▼

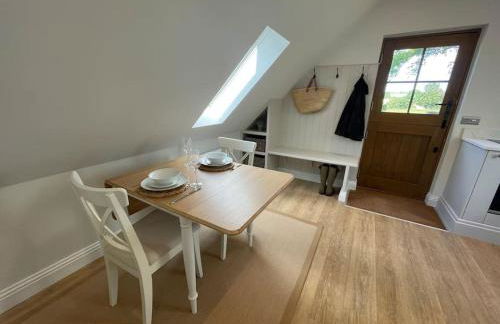 Cosy loft situated in beautiful Northumberland countryside - Foto 11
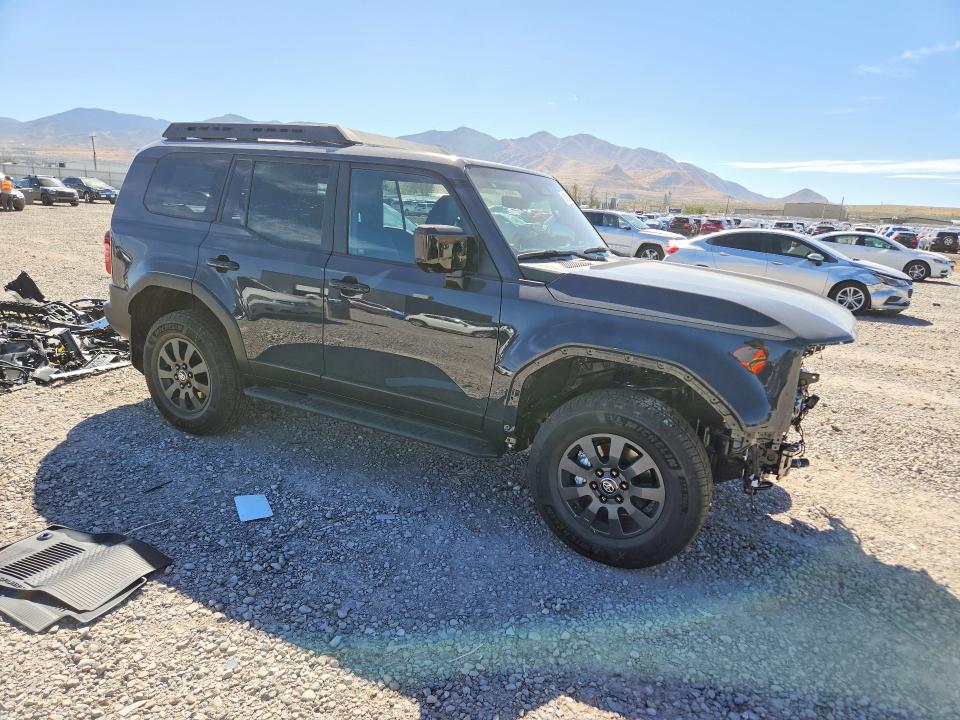 2027 TOYOTA LAND CRUISER BASE, фото 4, лот 10981854
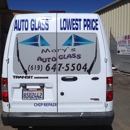 Mary's Auto Glass - Glass-Auto, Plate, Window, Etc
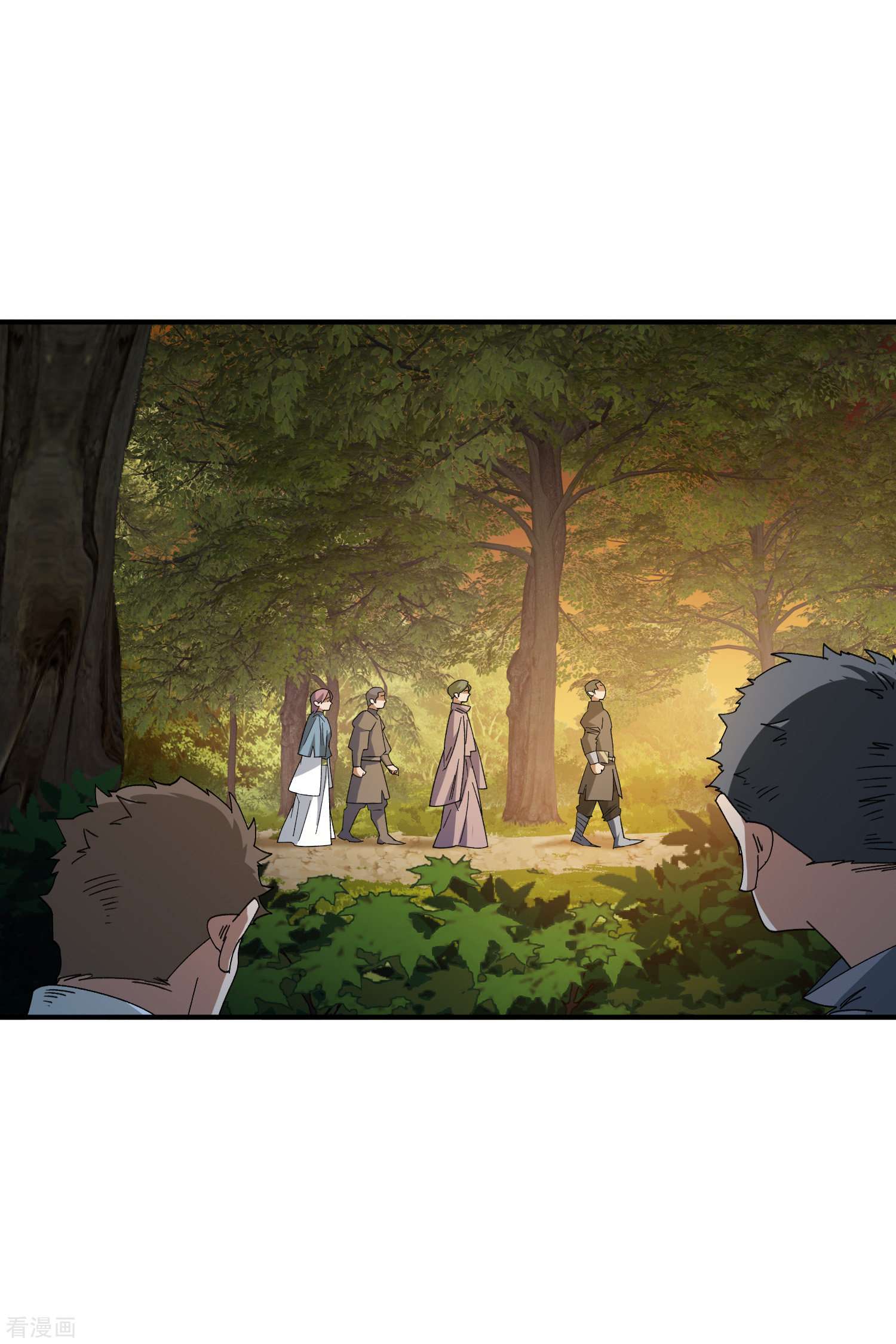 网游之近战法师441话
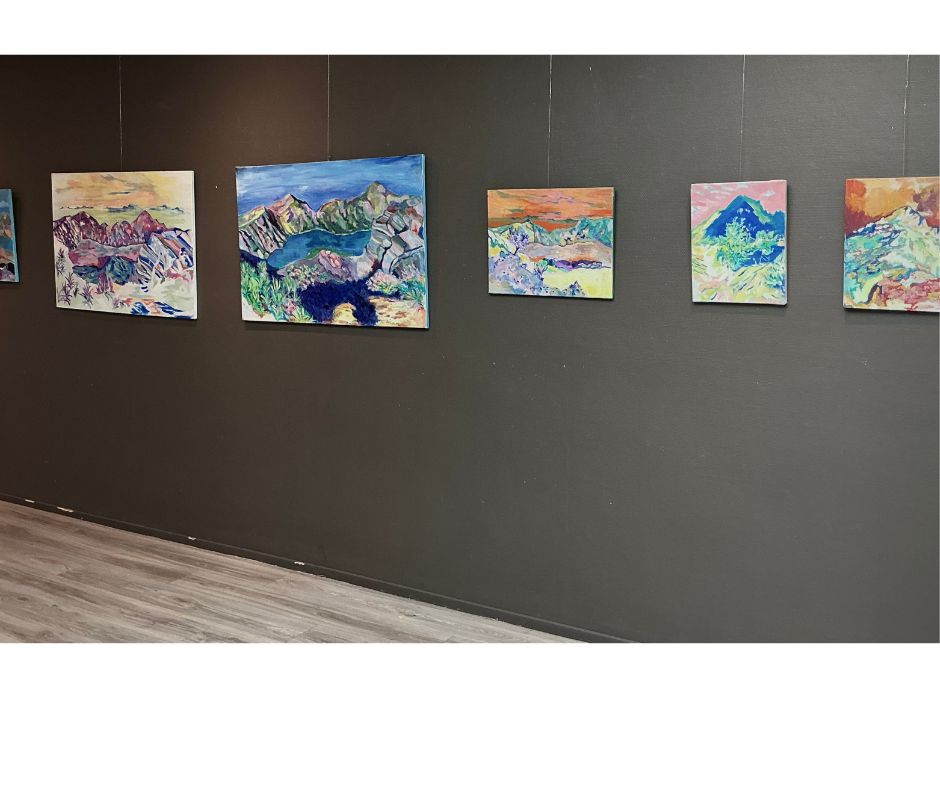 Tentoonstellinsoverzicht Cultureel Centrum Geesterhage
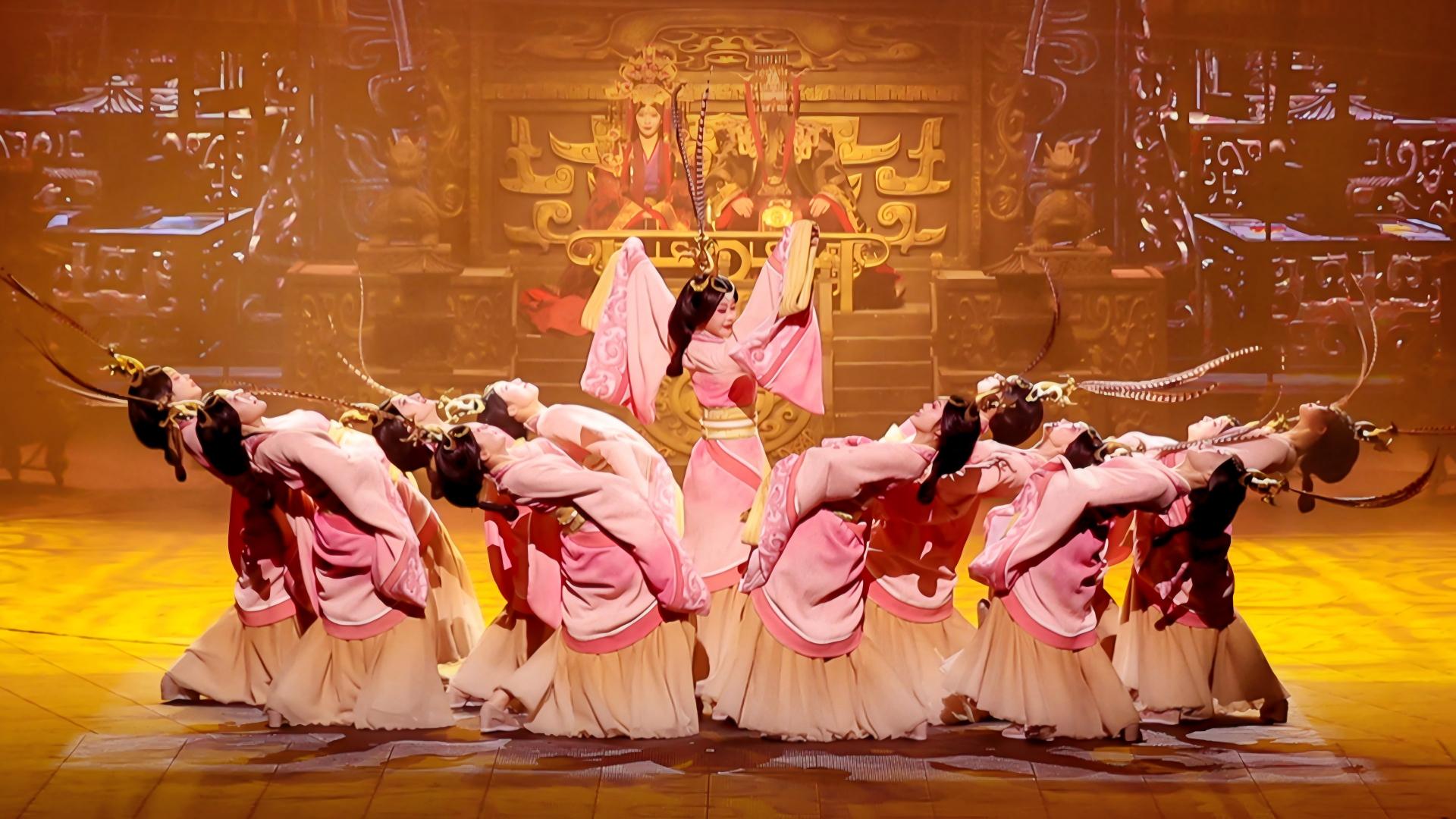 喜报！《国秀·琅琊》入选全省第一批旅游演艺典型案例！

▲

# Task prompt
Your copy of the material above should be exact and free of pictures.

# Task solution
 Cosy loft situated in beautiful Northumberland countryside - Foto 11
 2027 TOYOTA LAND CRUISER BASE, фото 4, лот 10981854
 Mary's Auto Glass - Glass-Auto, Plate, Window, Etc
 网游之近战法师441话
 Tentoonstellinsoverzicht Cultureel Centrum Geesterhage
 喜报！《国秀·琅琊》入选全省第一批旅游演艺典型案例！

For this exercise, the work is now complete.